Yseline Fourtic-Dutarde : La Journée contre le sexisme est un outil, un levier, au même titre que la Journée internationale des femmes, le 8 mars, ou la Journée internationale contre les violences faites aux femmes, le 25 novembre. C’est une manière de mettre à l’ordre du jour les revendications féministes. Ces journées appellent à la mobilisation et permettent année après année de mettre en lumière la défense des droits des femmes et de les faire progresser. La création d’une Journée nationale de lutte contre le sexisme est une revendication de longue date du collectif « Ensemble contre le sexisme ». Avant même que cela ne soit officiel, nous le célébrions chaque année autour du 25 janvier, en organisant des événements à cette date. Le fait qu’elle soit officiellement reconnue par le Président de la République a pour effet que d’autres organisations que la nôtre organisent des événements. Pour cette première édition, plusieurs initiatives ont déjà eu lieu. Cela montre que ce jour ne nous appartient plus. C’est une excellente nouvelle.
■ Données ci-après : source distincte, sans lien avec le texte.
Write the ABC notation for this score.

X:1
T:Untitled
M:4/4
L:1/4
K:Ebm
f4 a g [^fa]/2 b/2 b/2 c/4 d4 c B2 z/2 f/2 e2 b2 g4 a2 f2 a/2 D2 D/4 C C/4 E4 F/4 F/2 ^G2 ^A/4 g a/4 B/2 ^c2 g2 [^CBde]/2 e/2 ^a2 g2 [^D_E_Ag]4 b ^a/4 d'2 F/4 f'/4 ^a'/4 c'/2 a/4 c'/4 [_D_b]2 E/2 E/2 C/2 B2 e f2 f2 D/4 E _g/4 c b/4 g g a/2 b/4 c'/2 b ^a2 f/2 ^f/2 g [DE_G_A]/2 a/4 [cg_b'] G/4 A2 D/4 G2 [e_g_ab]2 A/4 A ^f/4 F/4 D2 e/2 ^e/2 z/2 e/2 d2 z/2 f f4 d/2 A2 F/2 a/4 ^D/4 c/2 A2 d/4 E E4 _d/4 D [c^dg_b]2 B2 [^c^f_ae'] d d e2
AJ : Était-ce difficile d’obtenir ce jour ?

Yseline Fourtic-Dutarde : Oui, ce fut un long combat, mené avec et avec les différents ministres chargés de l’Égalité entre les femmes et les hommes. C’est d’autant plus frustrant qu’il a suffi d’un communiqué du président de la République pour que la journée devienne officielle. Il y a des jours pour tout et n’importe quoi. Le fait qu’il soit si difficile d’obtenir cette journée contre le sexisme alors qu’il s’agit d’une mesure symbolique m’a posé beaucoup de questions.

AJ : Quelle était l’émission « Sexism TV Show » organisée cette année ?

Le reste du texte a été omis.